▶ Required action
Give back the lines below verbatim, omitting all pictures.

▶ Supplied material
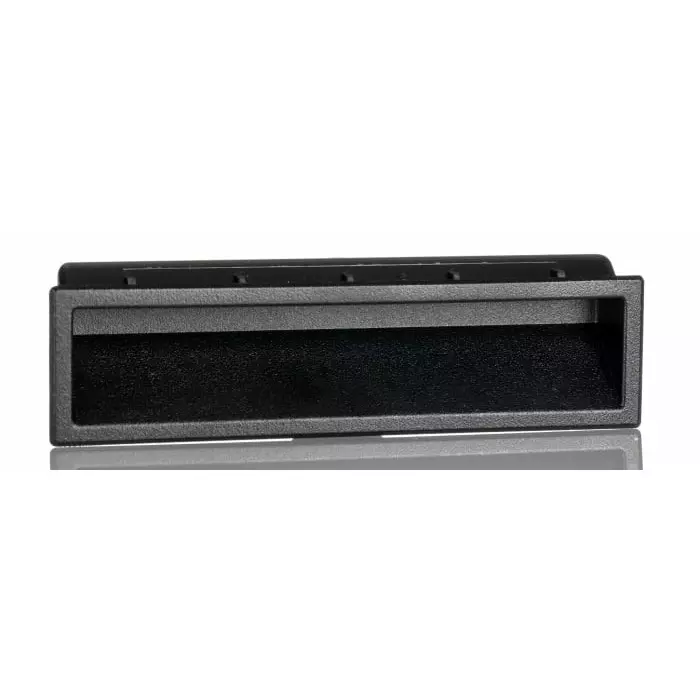 Southco Black Plastic Handle 17 mm Height 35.8 mm Width 127.3 mm Length, P2-51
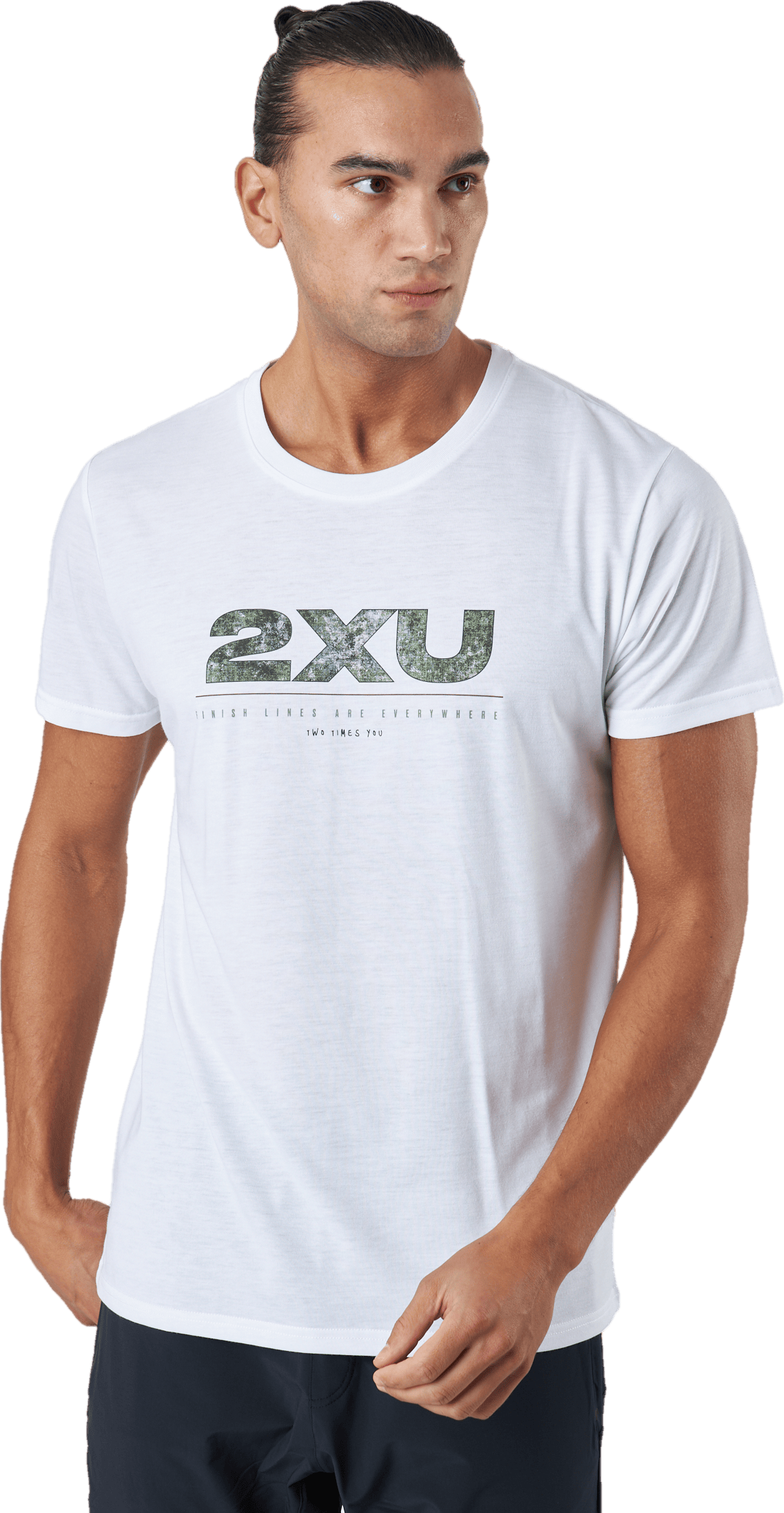 Contender Tee White/trailscape - Bild 2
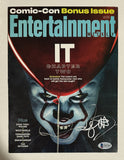 Andy Andres Muschietti Signed IT Entertainment Weekly Magazine Autograph BAS COA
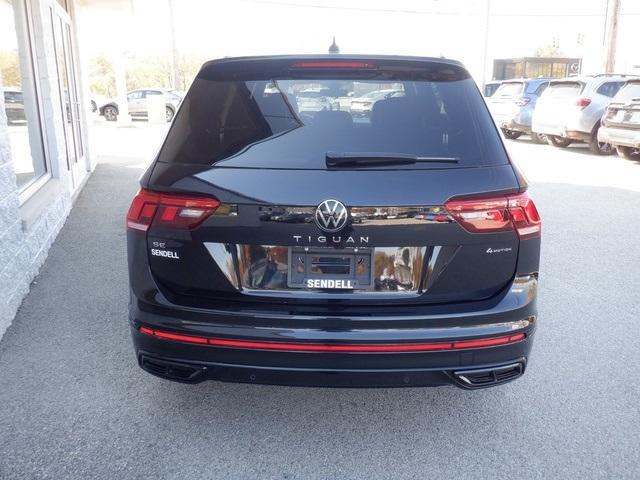 used 2022 Volkswagen Tiguan car, priced at $26,470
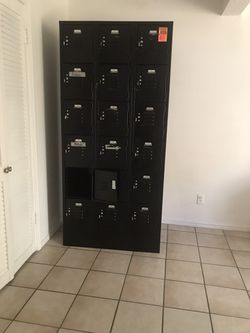 Lockers, cabinet, storage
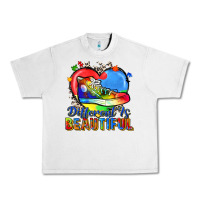 Lunar Rock different is beautiful Urban Heavy Tee - Zillion Design Studio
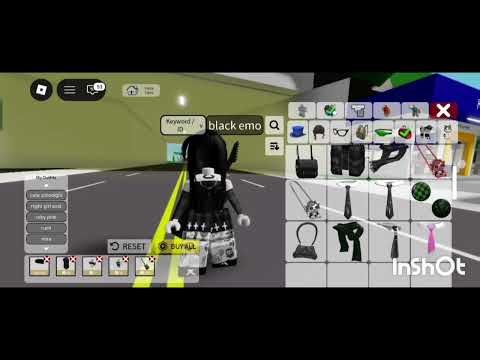 How to make an emo outfit in Brookhaven RP #roblox #brookhavenrp #emo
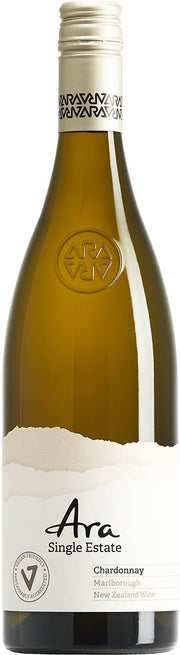 Ara Single Estate Marlborough Chardonnay 2023 - Chardonnay - Black Market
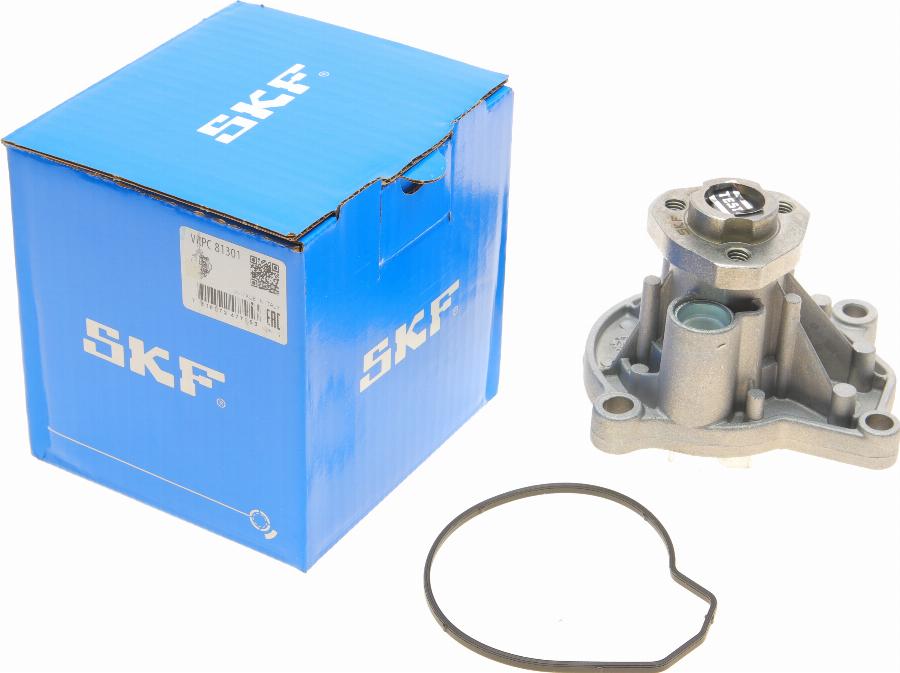 SKF VKPC 81301 - Водяний насос autocars.com.ua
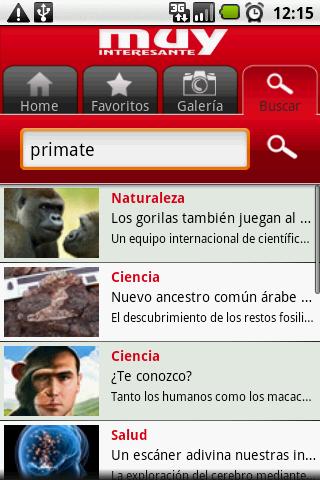 Muy Interesante Android Lifestyle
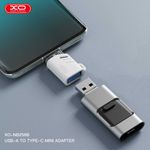 Laptop, Telefoane si Tablete - Telefoane mobile si accesorii - Accesorii Telefoane - Cabluri si adaptoare telefoane - Mini Adaptor OTG XO NB256D Type C to USB-A - Infinity.ro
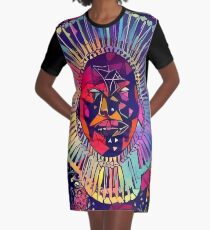 Awaken, My Love! Graphic T-Shirt Dress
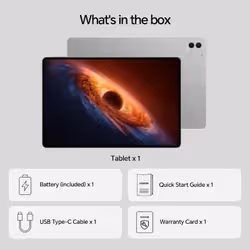 Honor MagicPad4 Snapdragon 256 Go 31,2 cm (12.3") 12 Go Wi-Fi 7 (802.11be) Android 16 Gris - Vue supplémentaire 2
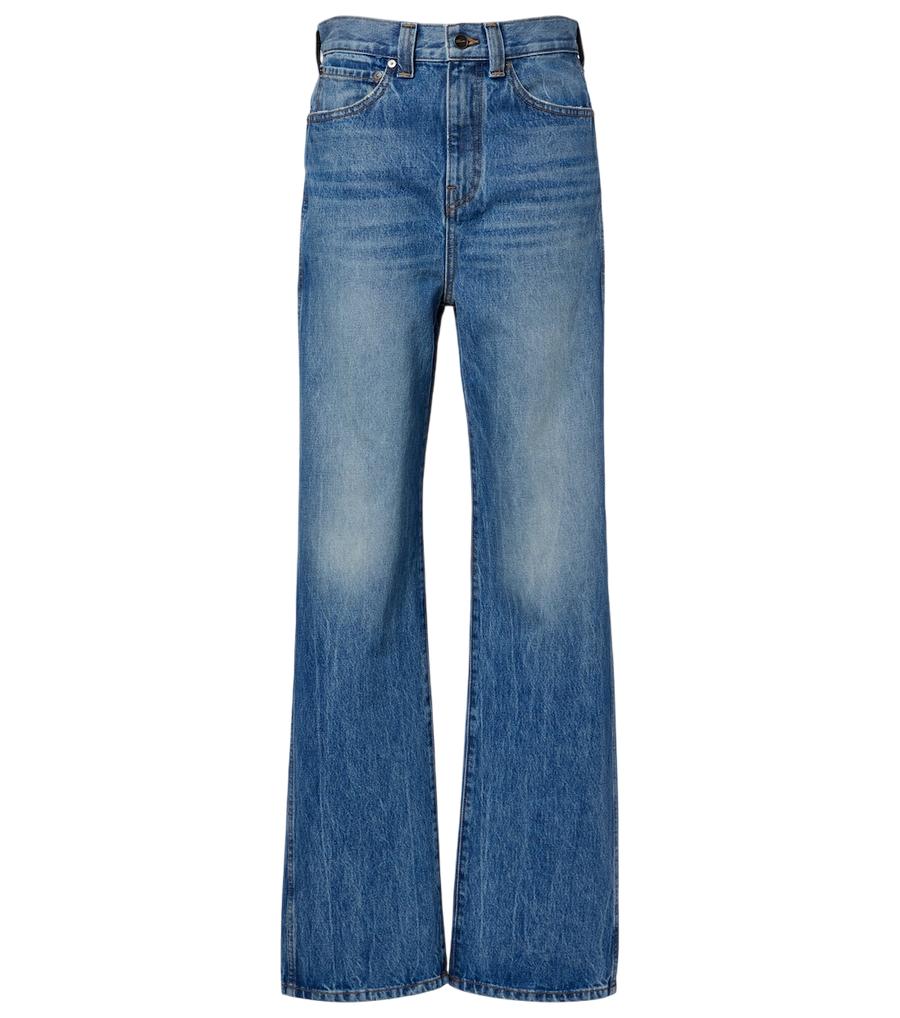 Khaite Bonnie wide-leg jeans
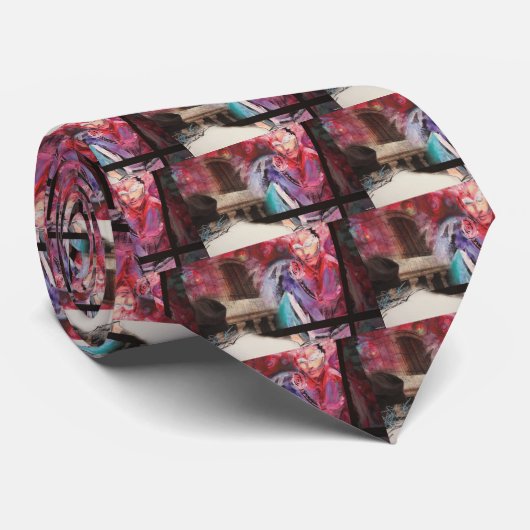 Stropdas voor kleuren (Opgerold)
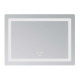 Зеркало Lidz Kubis (KU2) 700х500 мм, прямоугольное, с LED-подсветкой Touch, антизапотеванием, димером, регулировкой яркости LD78LF90448486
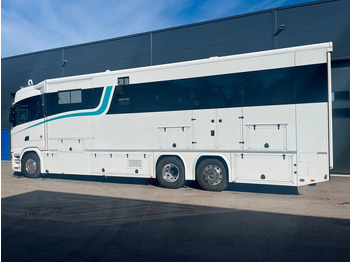 New Camper Scania S590 V8 6x2 Camper / Motorhome - New 2025 - Garage - Slide out -: picture 5 New Camper Scania S590 V8 6x2 Camper / Motorhome - New 2025 - Garage - Slide out -: picture 5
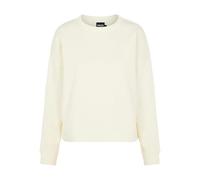 Pieces PCCHILLI LS Sweat Noos BC Maglia di Tuta, White Pepper, XS Donna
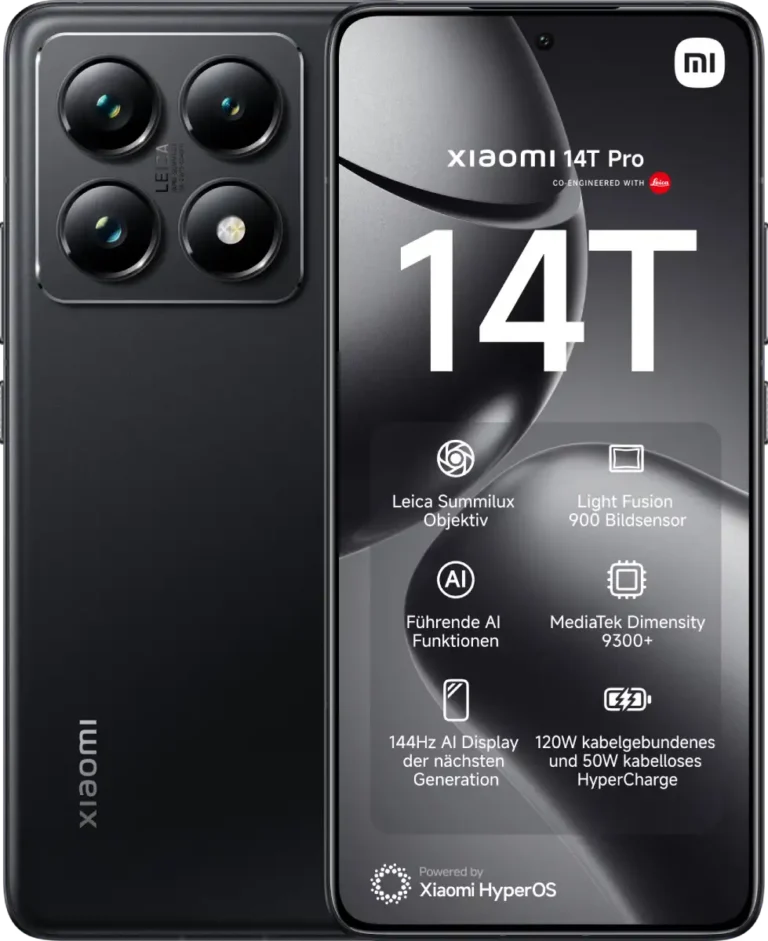 Xiaomi 14T Pro 512 GB für 1.00 EUR mit Vodafone Smart S 65 GB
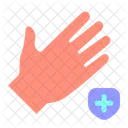Protected Hand  Icon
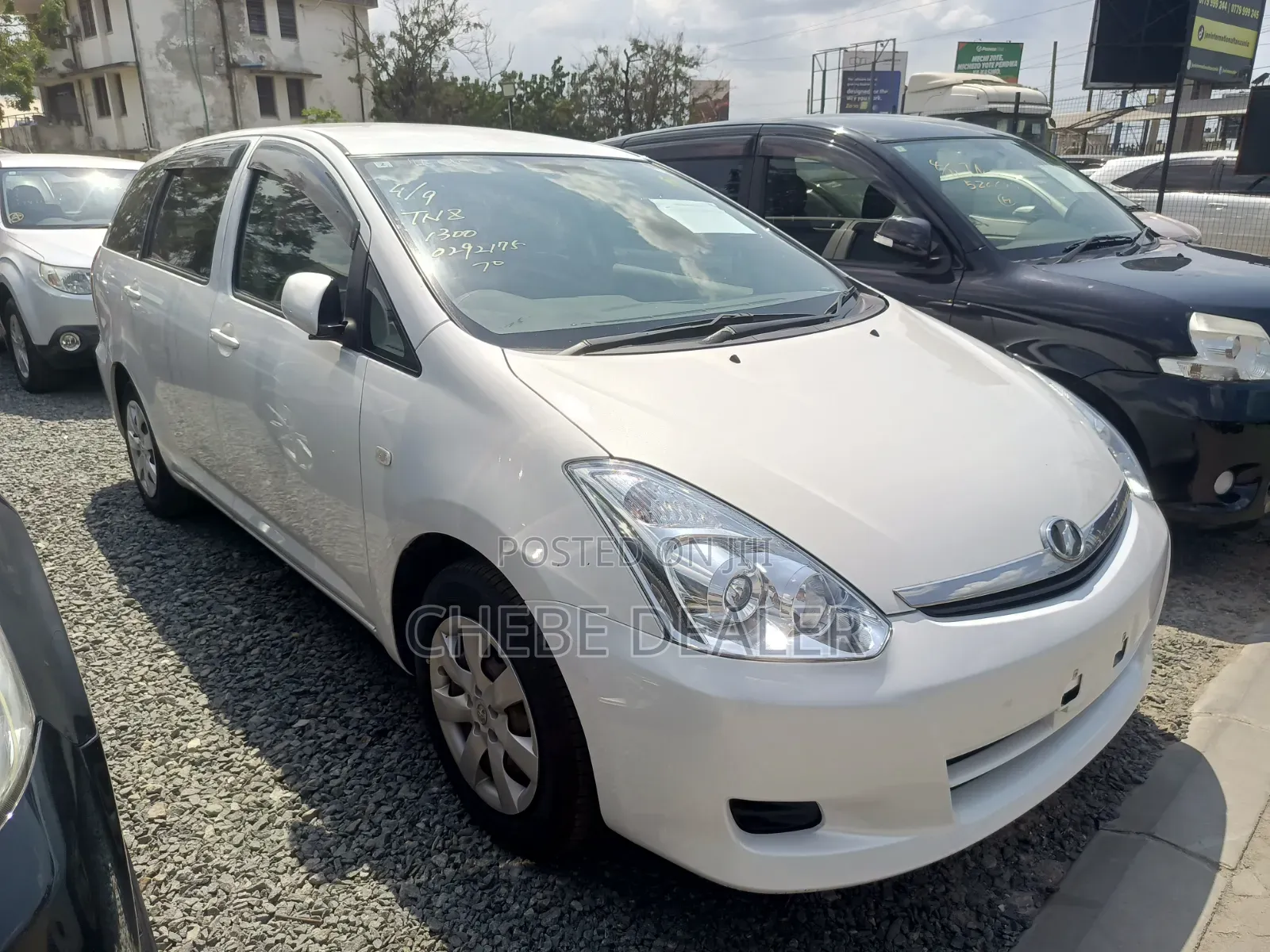Toyota Wish 2007 White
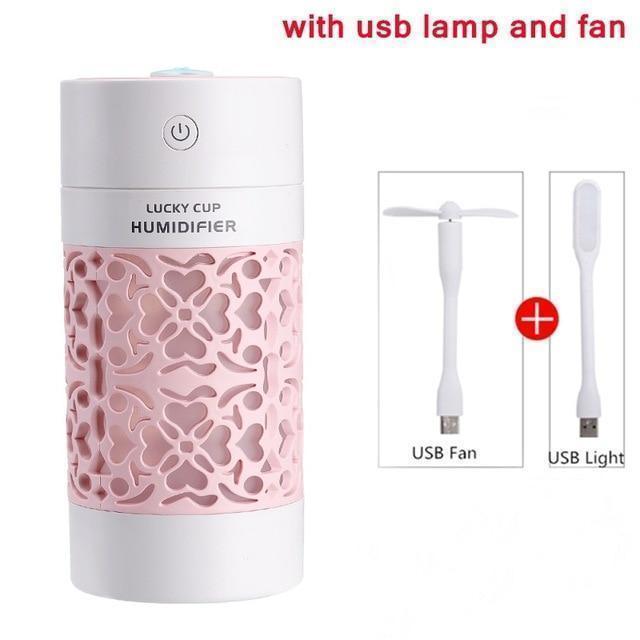 Lighteme 3-in-1 USB-Luftbefeuchter/Diffusor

▶ Exercise output
 Southco Black Plastic Handle 17 mm Height 35.8 mm Width 127.3 mm Length, P2-51
 Contender Tee White/trailscape - Bild 2
 Andy Andres Muschietti Signed IT Entertainment Weekly Magazine Autograph BAS COA
 used 2022 Volkswagen Tiguan car, priced at $26,470
 Lockers, cabinet, storage
 Lunar Rock different is beautiful Urban Heavy Tee - Zillion Design Studio
 How to make an emo outfit in Brookhaven RP #roblox #brookhavenrp #emo
 Ara Single Estate Marlborough Chardonnay 2023 - Chardonnay - Black Market
 SKF VKPC 81301 - Водяний насос autocars.com.ua
 Muy Interesante Android Lifestyle
 Laptop, Telefoane si Tablete - Telefoane mobile si accesorii - Accesorii Telefoane - Cabluri si adaptoare telefoane - Mini Adaptor OTG XO NB256D Type C to USB-A - Infinity.ro
 Awaken, My Love! Graphic T-Shirt Dress
 Honor MagicPad4 Snapdragon 256 Go 31,2 cm (12.3") 12 Go Wi-Fi 7 (802.11be) Android 16 Gris - Vue supplémentaire 2
 Khaite Bonnie wide-leg jeans
 Stropdas voor kleuren (Opgerold)
 Зеркало Lidz Kubis (KU2) 700х500 мм, прямоугольное, с LED-подсветкой Touch, антизапотеванием, димером, регулировкой яркости LD78LF90448486
 New Camper Scania S590 V8 6x2 Camper / Motorhome - New 2025 - Garage - Slide out -: picture 5 New Camper Scania S590 V8 6x2 Camper / Motorhome - New 2025 - Garage - Slide out -: picture 5
 Pieces PCCHILLI LS Sweat Noos BC Maglia di Tuta, White Pepper, XS Donna
 Xiaomi 14T Pro 512 GB für 1.00 EUR mit Vodafone Smart S 65 GB
Protected Hand  Icon
Toyota Wish 2007 White
 Lighteme 3-in-1 USB-Luftbefeuchter/Diffusor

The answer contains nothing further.